**What is being asked:** When you reach the line that holds "Handicap Toilet Seats Features With Handles", start copying exactly and keep going through the final line of the data, leaving out pictures.

**Scraped caption text data:**
-*-*-

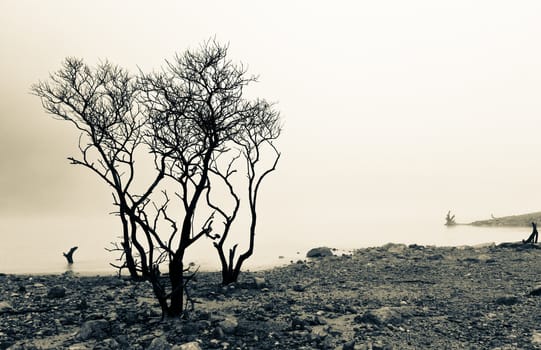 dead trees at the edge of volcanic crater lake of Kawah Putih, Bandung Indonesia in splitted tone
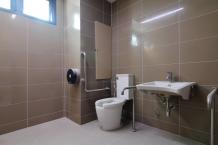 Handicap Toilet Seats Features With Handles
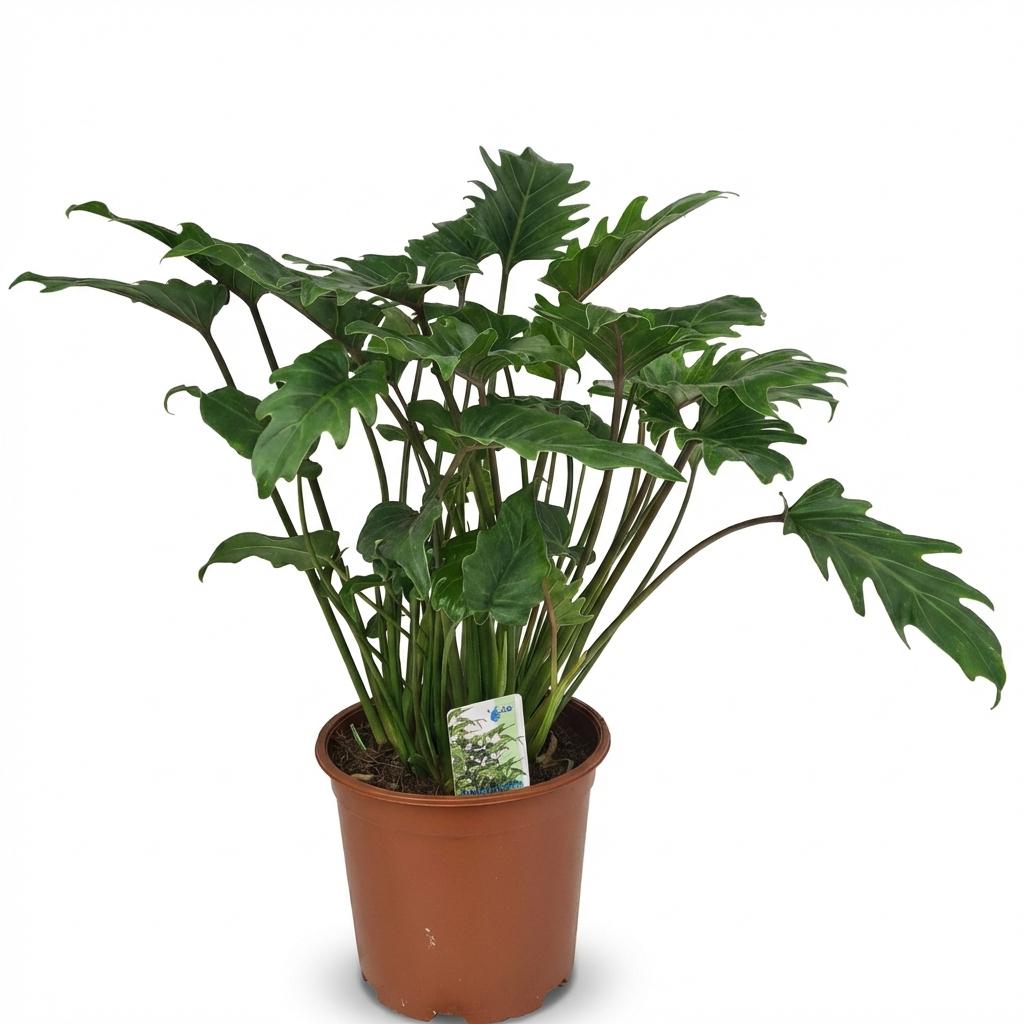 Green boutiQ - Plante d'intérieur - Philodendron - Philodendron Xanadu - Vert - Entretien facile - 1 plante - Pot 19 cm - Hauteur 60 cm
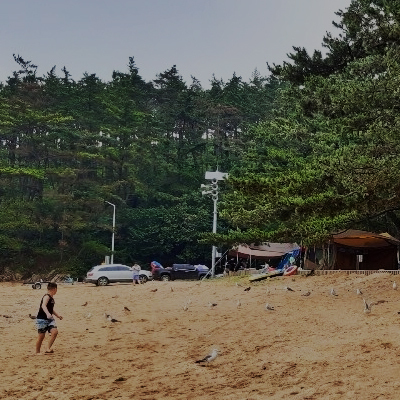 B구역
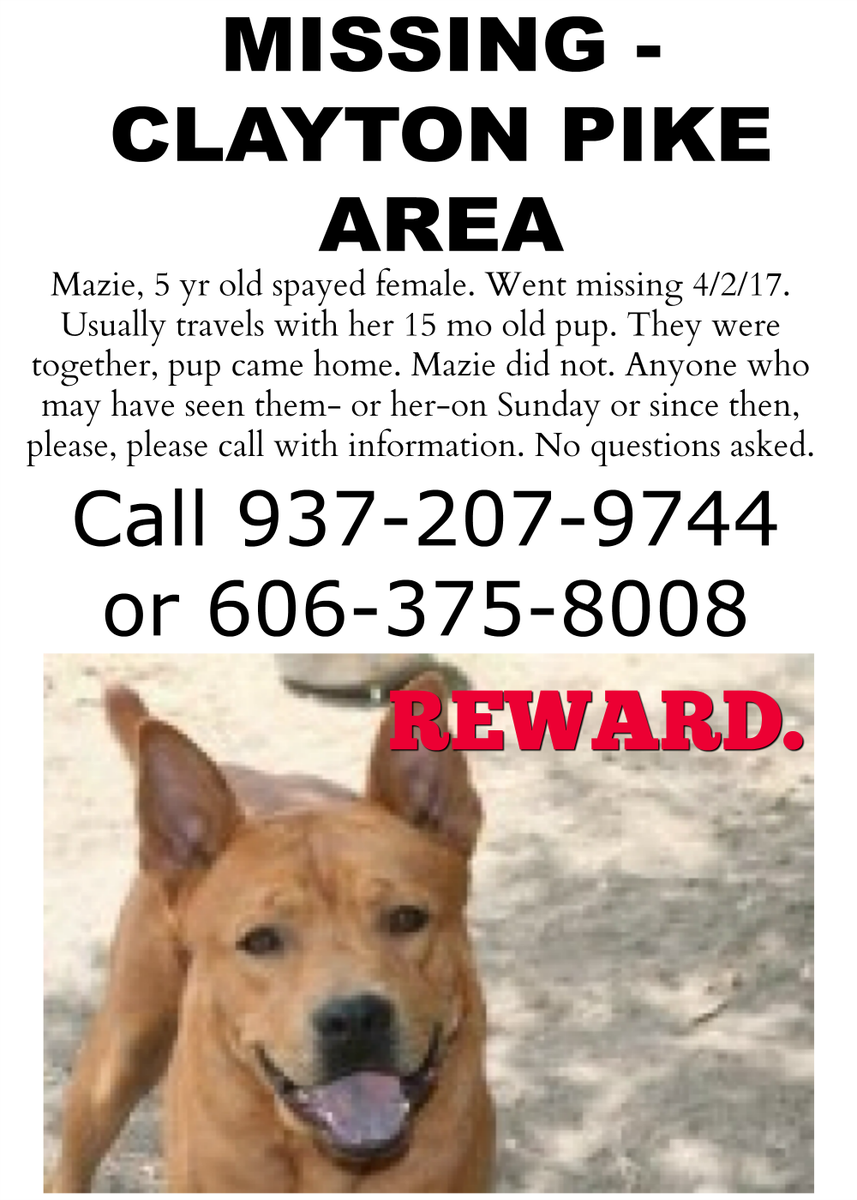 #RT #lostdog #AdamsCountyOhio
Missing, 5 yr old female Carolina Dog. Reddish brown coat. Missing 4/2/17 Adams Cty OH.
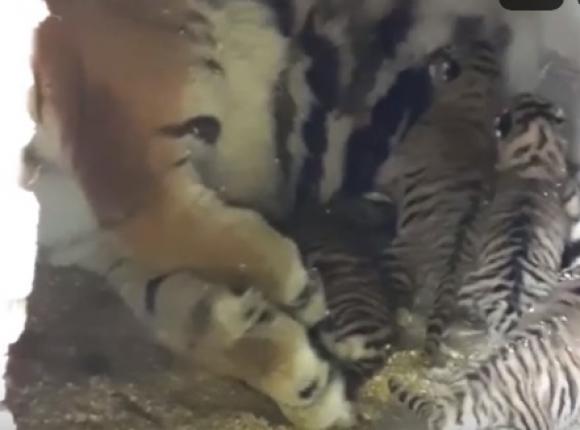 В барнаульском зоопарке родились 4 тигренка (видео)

-*-*-

**Exercise solution:**
 Handicap Toilet Seats Features With Handles
 Green boutiQ - Plante d'intérieur - Philodendron - Philodendron Xanadu - Vert - Entretien facile - 1 plante - Pot 19 cm - Hauteur 60 cm
 B구역
 #RT #lostdog #AdamsCountyOhio
Missing, 5 yr old female Carolina Dog. Reddish brown coat. Missing 4/2/17 Adams Cty OH.
 В барнаульском зоопарке родились 4 тигренка (видео)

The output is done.